EXERCISE DIRECTIONS.
Print the listing below exactly, images excluded.

PROVIDED MATERIAL.
--------------------
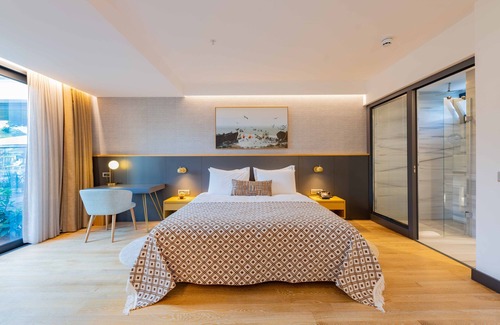 Erdek Hotel | Exceptional Pınar Otel: Ocean Views and Spa Amenities
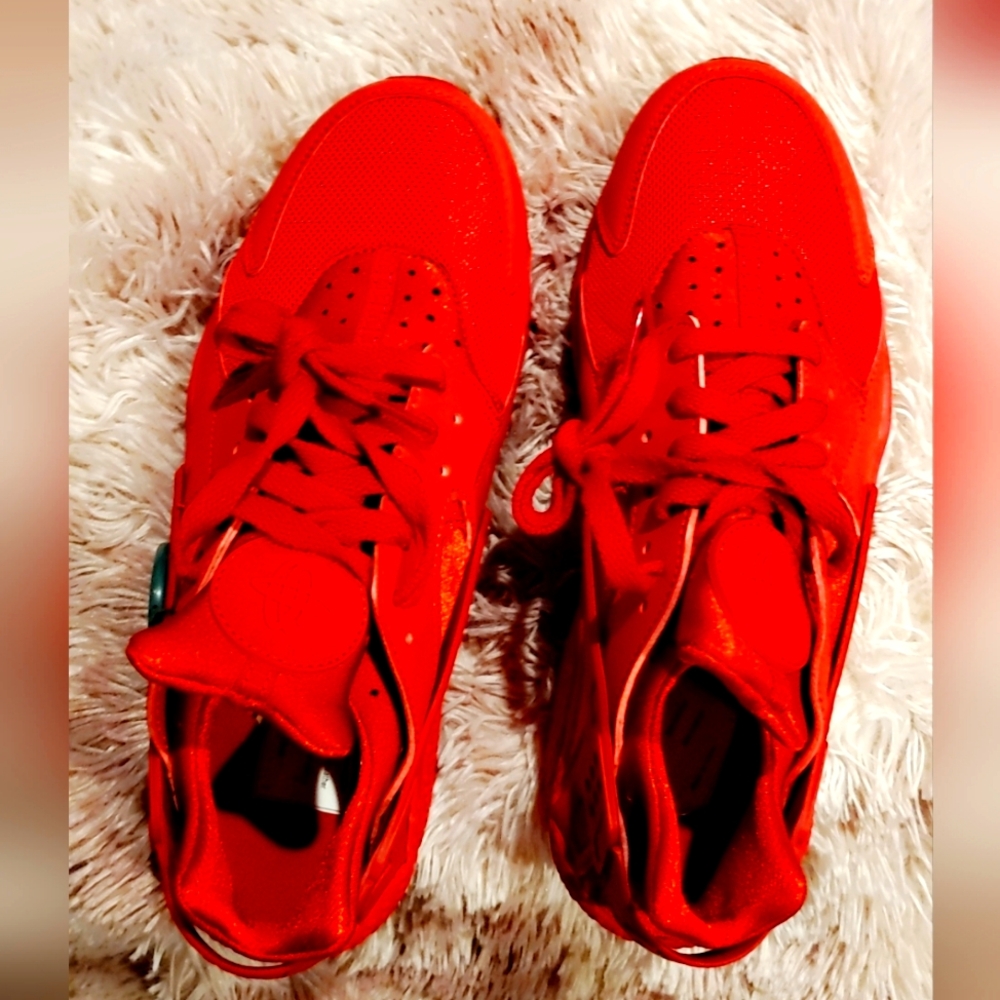 Red nike hurraches womens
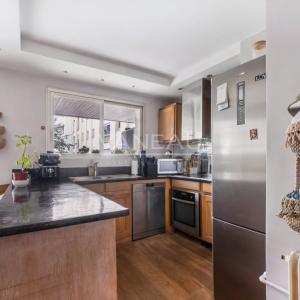 Terrasse et balcon. Cave et parking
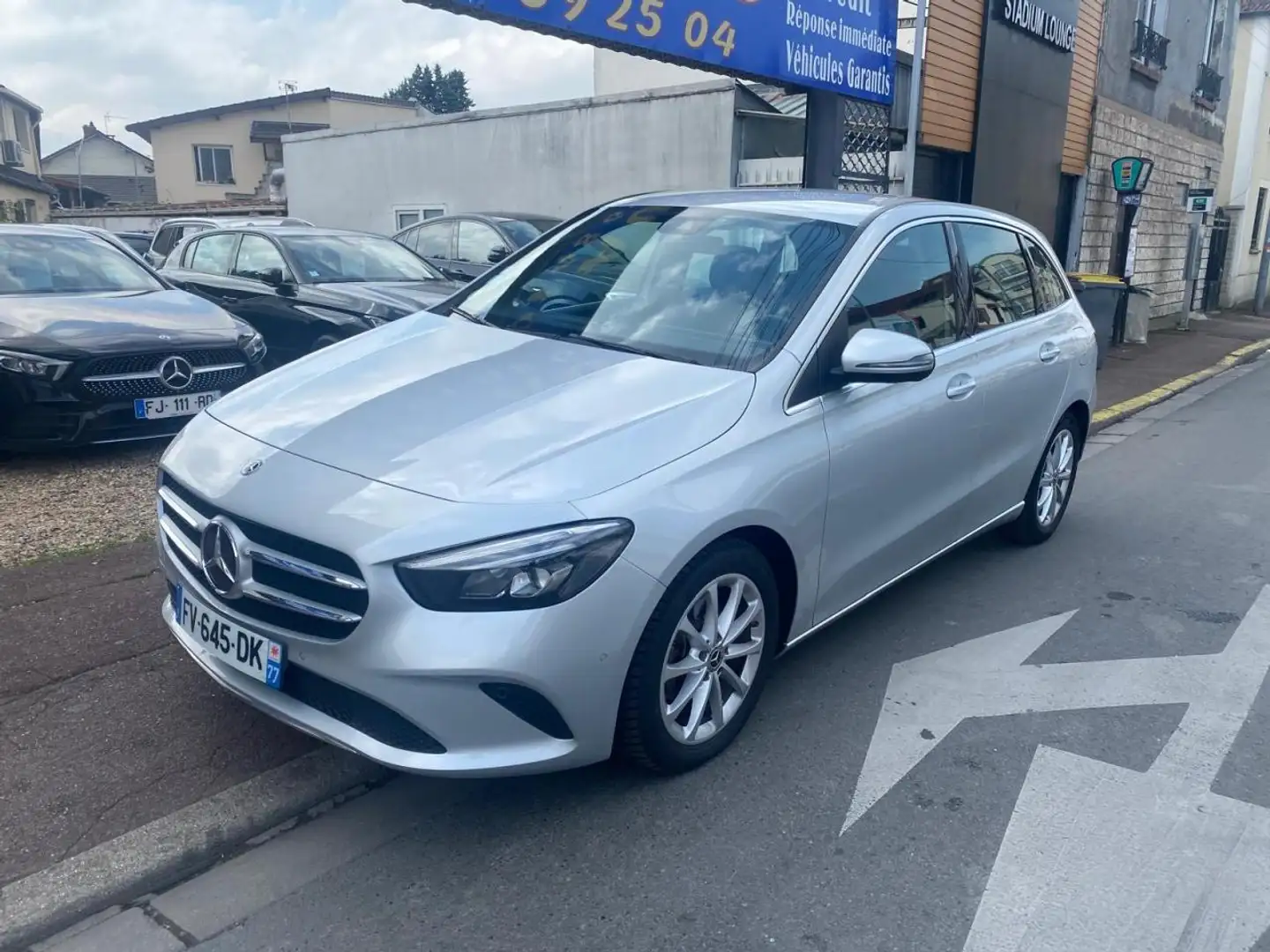 Mercedes-Benz B 180 MERCEDES B180D pack business Gris - 1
--------------------
WRITTEN ANSWER.
 Erdek Hotel | Exceptional Pınar Otel: Ocean Views and Spa Amenities
 Red nike hurraches womens
 Terrasse et balcon. Cave et parking
 Mercedes-Benz B 180 MERCEDES B180D pack business Gris - 1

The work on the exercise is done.